Using the `lmfit` webpage on multiple peak fitting, attempt a fit on the following dataset, which is a simulation of an actual SAS dataset:

In [None]:
def gaussian_function(x_axis, a, b, c):
    return a * np.exp(-((x_axis - b)**2 / (2 * c**2)))

noise_factor = 30
peak_height = 10
intensity_value = 1
q_data = np.linspace(2, 200, 198)
q_data /= 1000
i_data = intensity_value / q_data**4

peak_one =   gaussian_function(q_data, (i_data[38]  * peak_height), 0.04, 0.001)
peak_two =   gaussian_function(q_data, (i_data[78]  * peak_height), 0.08, 0.001)
peak_three = gaussian_function(q_data, (i_data[118] * peak_height), 0.12, 0.001)
peak_four =  gaussian_function(q_data, (i_data[158] * peak_height), 0.16, 0.001)

i_data += peak_one + peak_two + peak_three + peak_four
di_data = (np.random.randn(len(i_data)) * noise_factor) + np.sqrt(i_data)

plt.fill_between(q_data, i_data - di_data, i_data + di_data, color='gray', alpha=0.5)
plt.yscale('log')
plt.show()

The following code snippet will be of use:

In [None]:
gauss1 = GaussianModel(prefix='g1_')
gauss2 = GaussianModel(prefix='g2_')
gauss3 = GaussianModel(prefix='g3_')
gauss4 = GaussianModel(prefix='g4_')
background = ExpressionModel('bgval / x**4')
overall_model = gauss1 + gauss2 + gauss3 + gauss4 + background

overall_parameters = gauss1.make_params()
overall_parameters.update(gauss2.make_params())
overall_parameters.update(gauss3.make_params())
overall_parameters.update(gauss4.make_params())
overall_parameters.update(background.make_params())

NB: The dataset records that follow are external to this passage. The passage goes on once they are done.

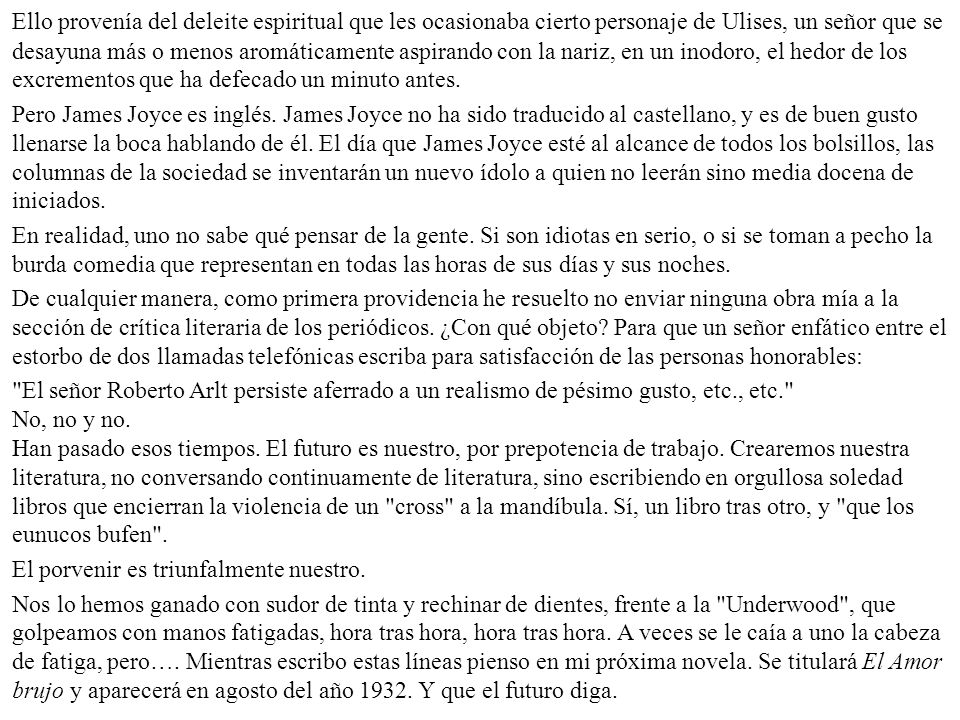 Ello provenía del deleite espiritual que les ocasionaba cierto personaje de Ulises, un señor que se desayuna más o menos aromáticamente aspirando con la nariz, en un inodoro, el hedor de los excrementos que ha defecado un minuto antes.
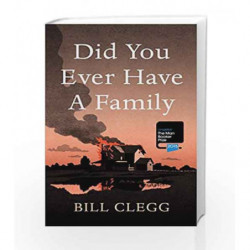 Did You Ever Have a Family by Bill Clegg Book-9780224102360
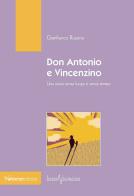 Don Antonio e Vincenzino. Una storia senza luogo e senza tempo di Gianfranco Russino edito da Valtrend
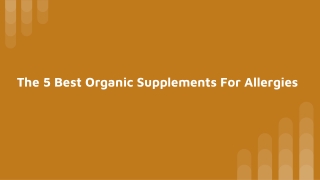 The 5 Best Organic Supplements For Allergies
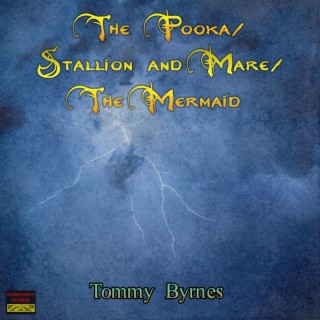 The Pooka/Stallion and Mare/The Mermaid cover art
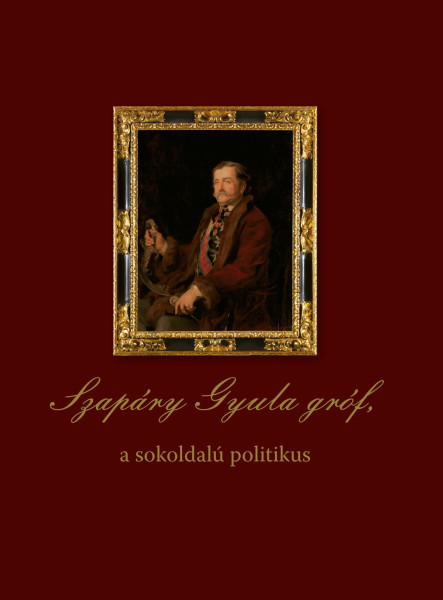 SZAPÁRY GYULA GRÓF, A SOKOLDALÚ POLITIKUS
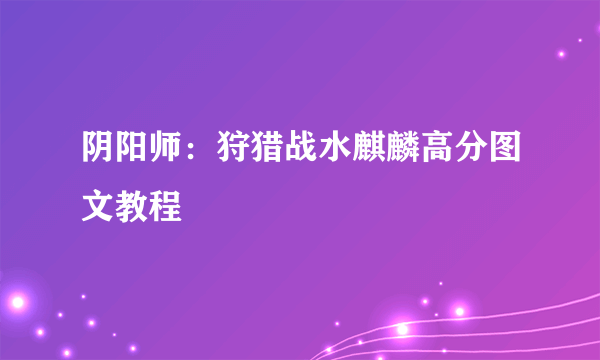 阴阳师：狩猎战水麒麟高分图文教程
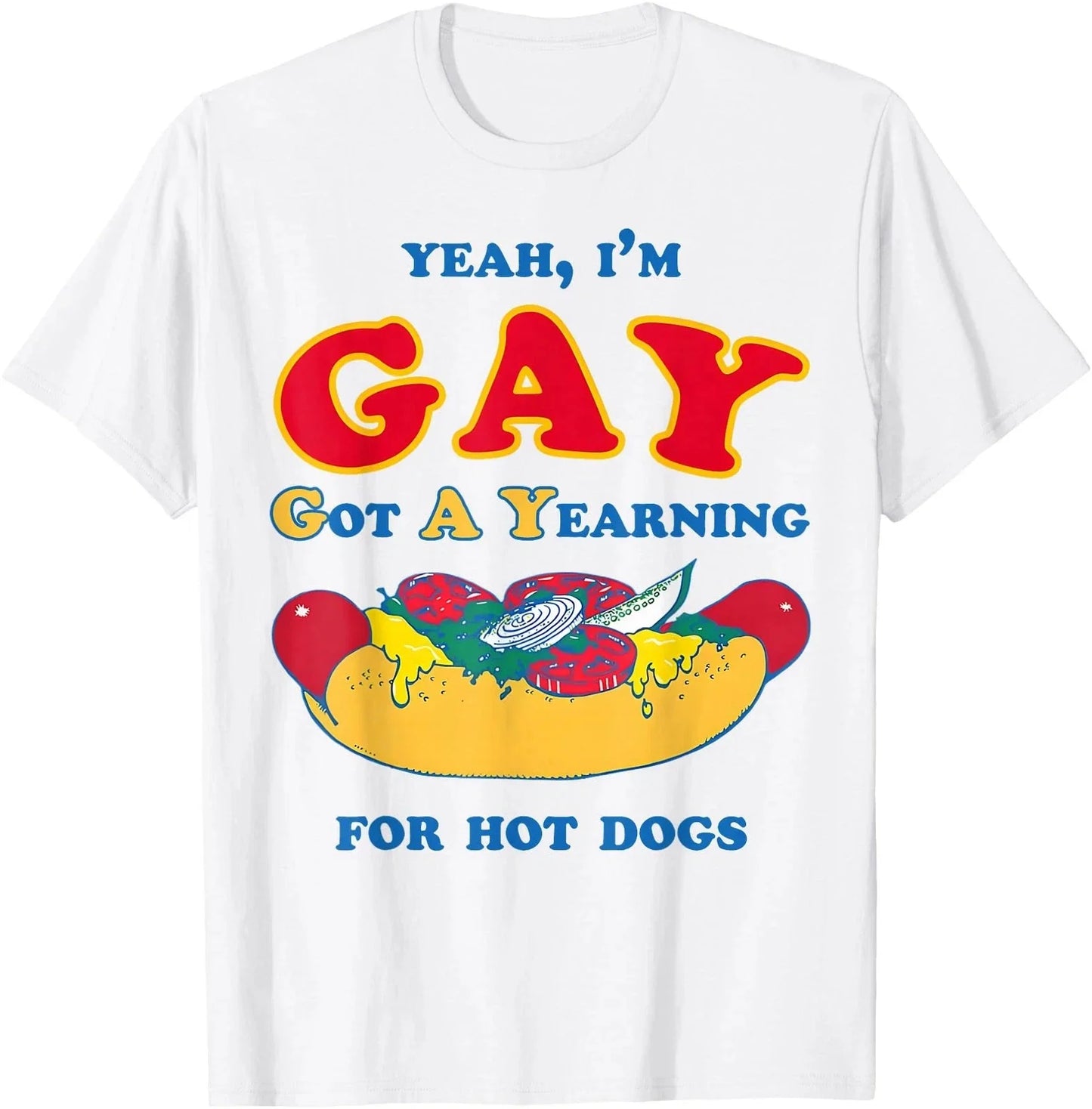 Yeah IM Gay Got A Yearning For Hot Dogs Funny Meme LGBTQ T Shirt Unisex T-shirt, Sweatshirt, Hoodie, Long Sleeve Tee - T-Shirt, Sweatshirt, Hoodie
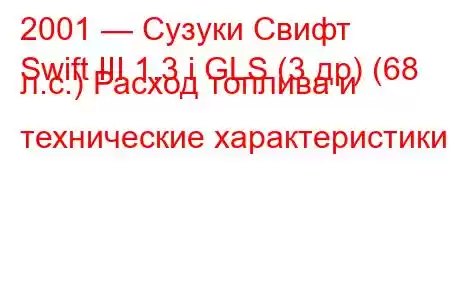 2001 — Сузуки Свифт
Swift III 1.3 i GLS (3 др) (68 л.с.) Расход топлива и технические характеристики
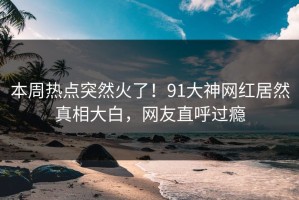 本周热点突然火了！91大神网红居然真相大白，网友直呼过瘾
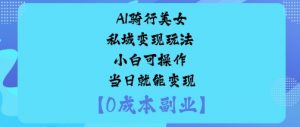 AI骑行美女私域变现玩法小白可操作当日就能变现-大齐资源站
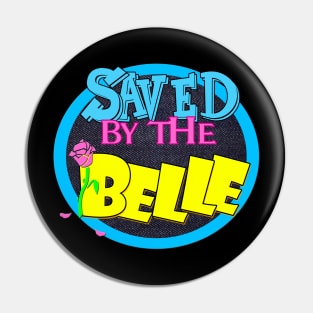 Saved by the Belle Pin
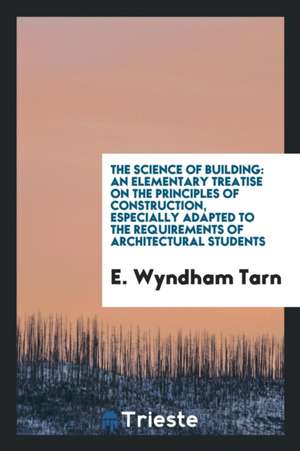 The Science of Building: An Elementary Treatise on the Principles of Construction, Especially Adapted to the Requirements of Architectural Stud de E. Wyndham Tarn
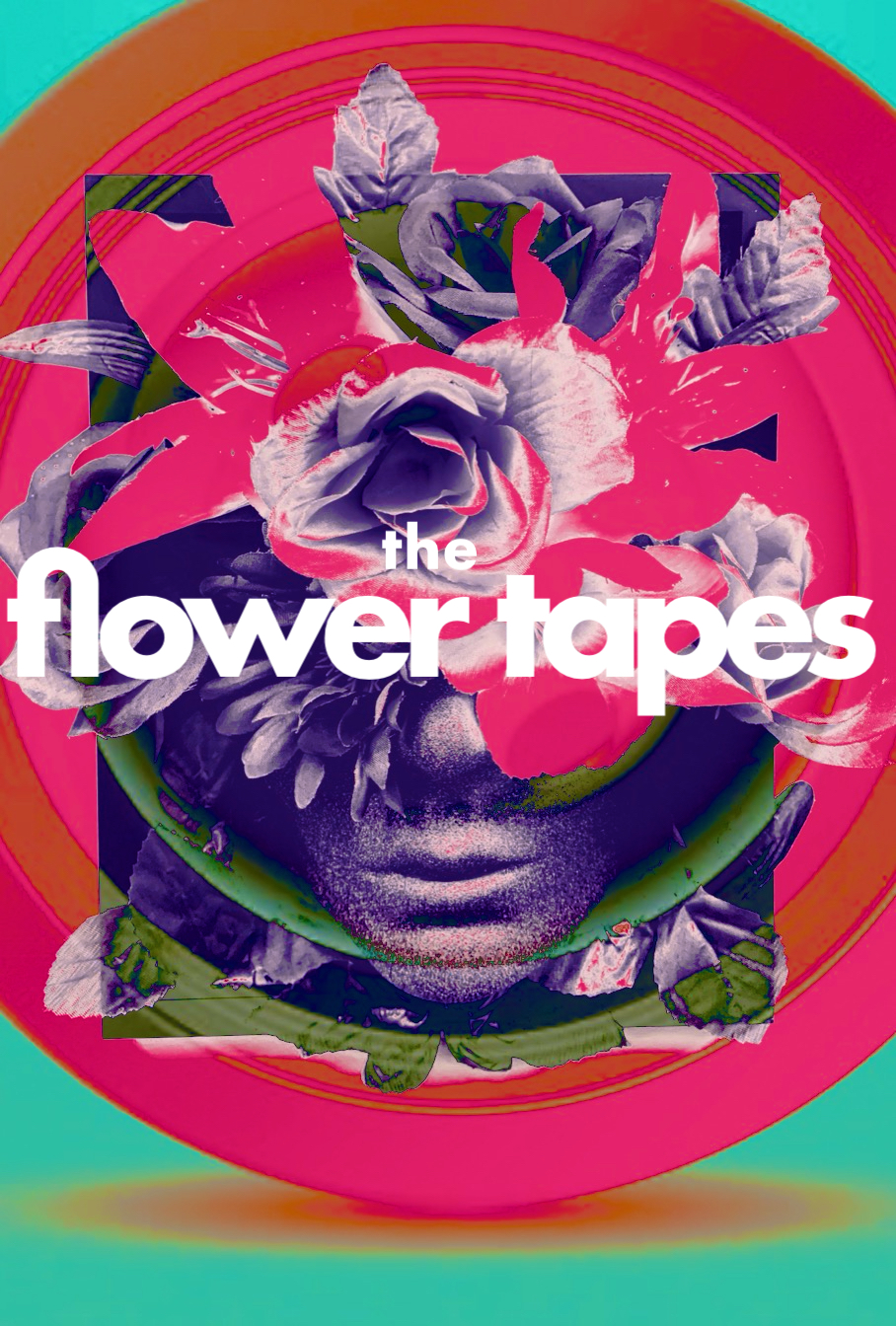 The Flower Tapes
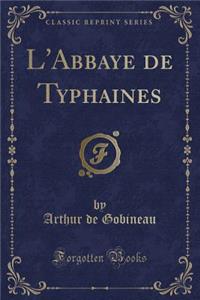 L'Abbaye de Typhaines (Classic Reprint)
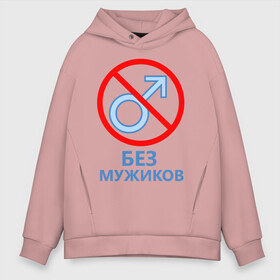 Мужское худи Oversize хлопок с принтом Без мужиков в Санкт-Петербурге, френч-терри — 70% хлопок, 30% полиэстер. Мягкий теплый начес внутри —100% хлопок | боковые карманы, эластичные манжеты и нижняя кромка, капюшон на магнитной кнопке | 8 марта | без мужчин | девичник | девочки | девчонки | женская сборная | женский день | женщины | пацанки | подруга невесты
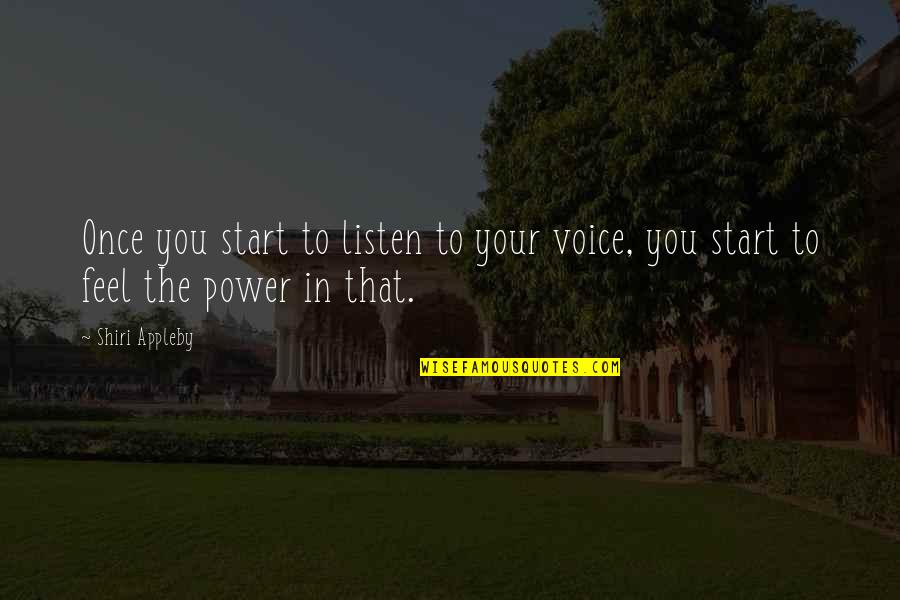 Power In Voice Quotes By Shiri Appleby: Once you start to listen to your voice,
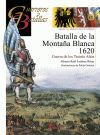 GUERREROS Y BATALLAS. 83: BATALLA DE LA MONTAÑA BLANCA 1620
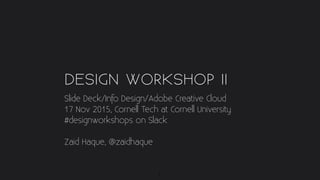 DESIGN WORKSHOP II
Slide Deck/Info Design/Adobe Creative Cloud
17 Nov 2015, Cornell Tech at Cornell University
#designworkshops on Slack
Zaid Haque, @zaidhaque
1
 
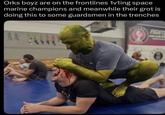 Orks boyz are on the frontlines 1vling space marine champions and meanwhile their grot is doing this to some guardsmen in the trenches FIGHT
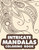 Intricate Mandalas Coloring Book: Illustrations And Intricate Designs To Color For Relaxation, Stress Relief Coloring Pages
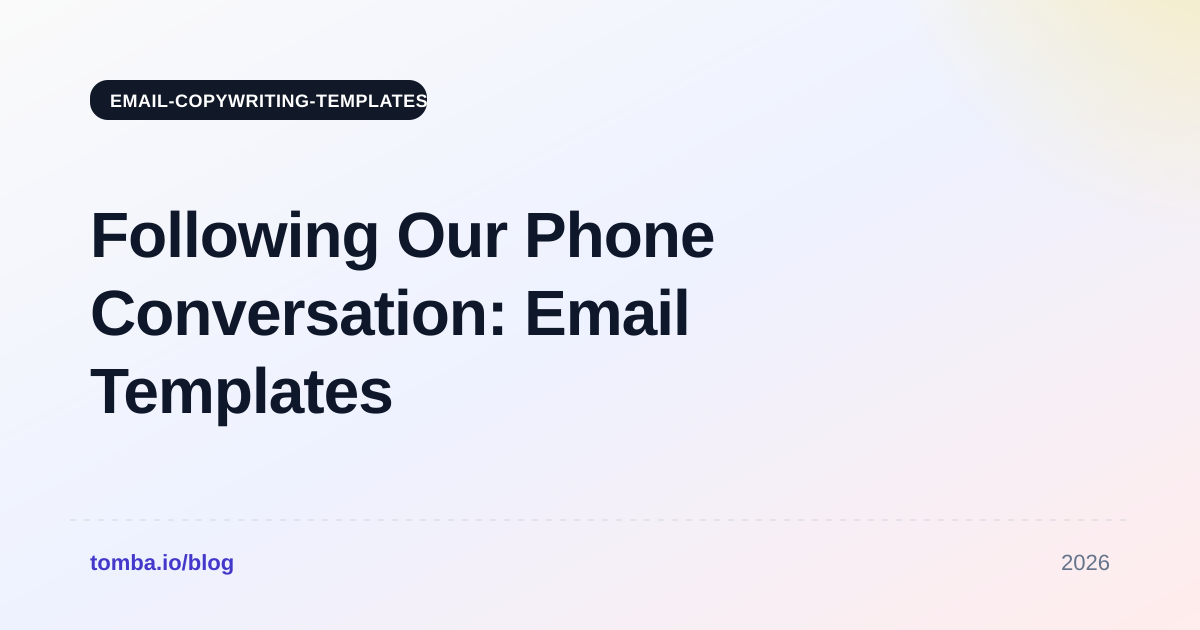 Following Our Phone Conversation: Email Templates That Work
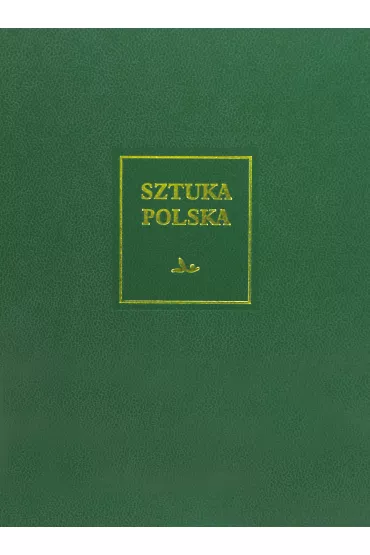 Sztuka polska Tom 6 Sztuka XIX wieku [z uzupe�nieniem o sztuk� �l�ska i Pomorza Zachodniego]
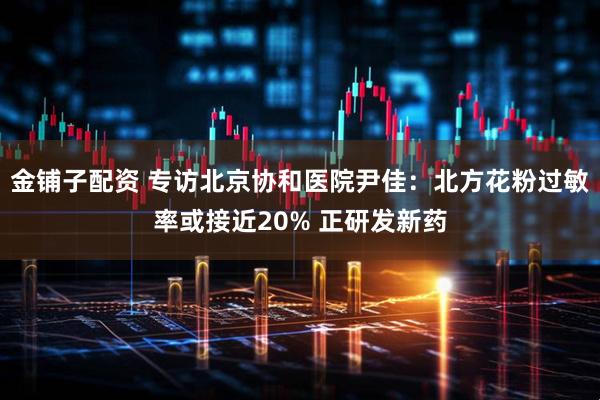 金铺子配资 专访北京协和医院尹佳：北方花粉过敏率或接近20% 正研发新药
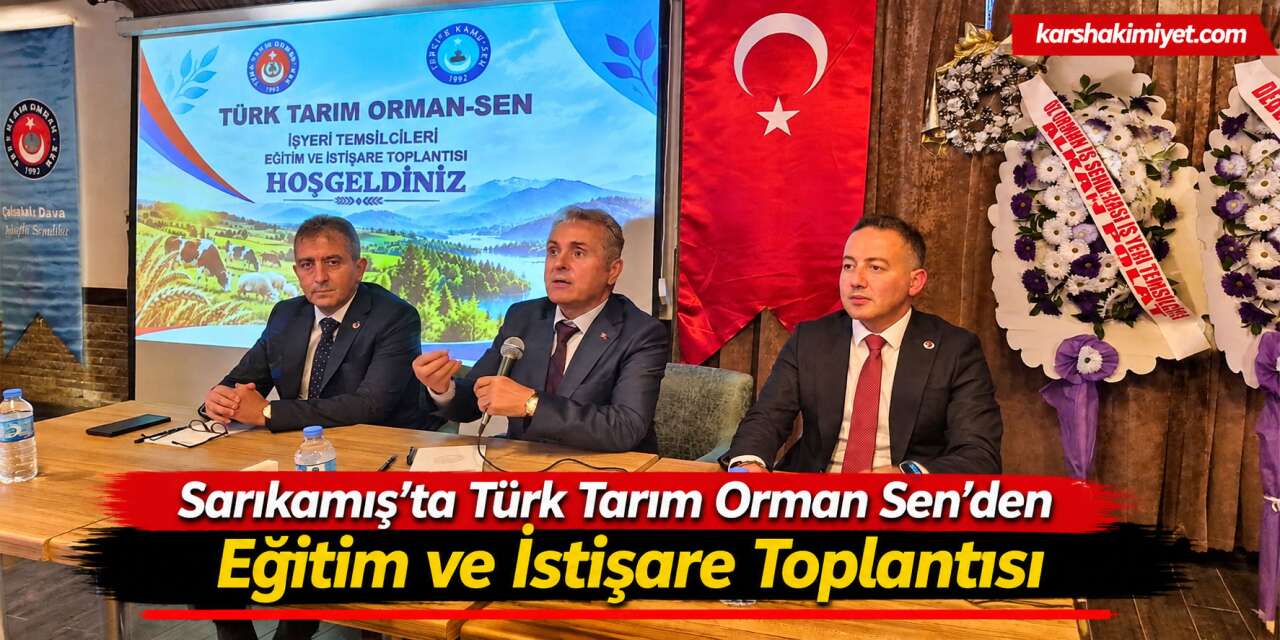 Sarıkamış’ta Türk Tarım Orman Sen’den Eğitim ve İstişare Toplantısı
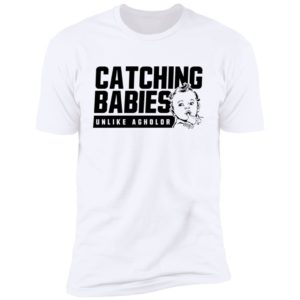 Catching Babies Unlike Agholor Shirt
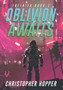 Oblivion Awaits (Infinita Book 1) by Christopher Hopper - Hardback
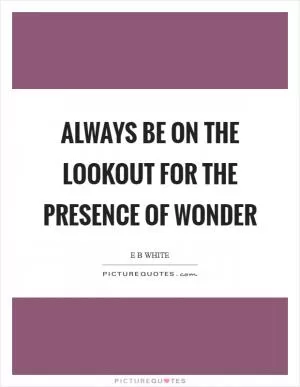 Always be on the lookout for the presence of wonder Picture Quote #1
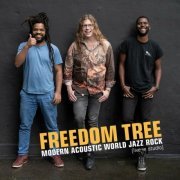 Freedom Tree - Modern Acoustic World Jazz Rock (2021)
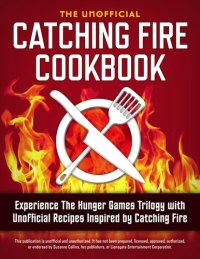 cover of the book Catching Fire Cookbook: Experience The Hunger Games Trilogy with Unofficial Recipes Inspired by Catching Fire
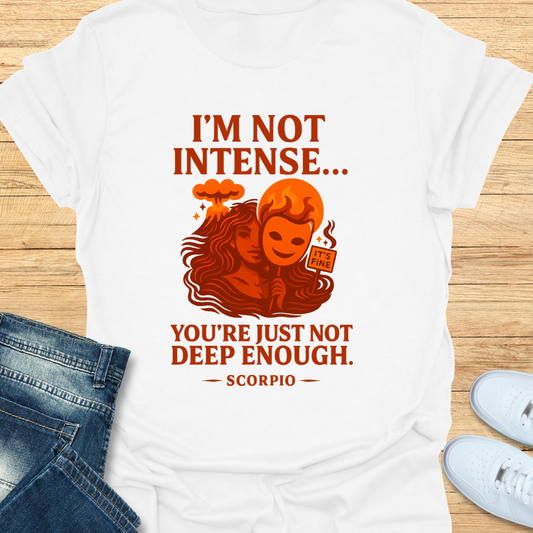 Scorpio Not Intense You’re Not Deep T-Shirt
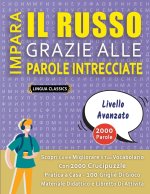 IMPARA IL RUSSO GRAZIE ALLE PAROLE INTRECCIATE - PER ADOLESCENTI - Scopri Come Migliorare Il Tuo Vocabolario Con 2000 Crucipuzzle e Pratica a Casa - 1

overall_parameters['g1_amplitude'].value =
overall_parameters['g1_center'].value =
overall_parameters['g1_height'].value =
overall_parameters['g2_amplitude'].value =
overall_parameters['g2_center'].value =
overall_parameters['g2_height'].value =
overall_parameters['g3_amplitude'].value =
overall_parameters['g3_center'].value =
overall_parameters['g3_height'].value =
overall_parameters['g4_amplitude'].value =
overall_parameters['g4_center'].value =
overall_parameters['g4_height'].value =
overall_parameters['bgval'].value =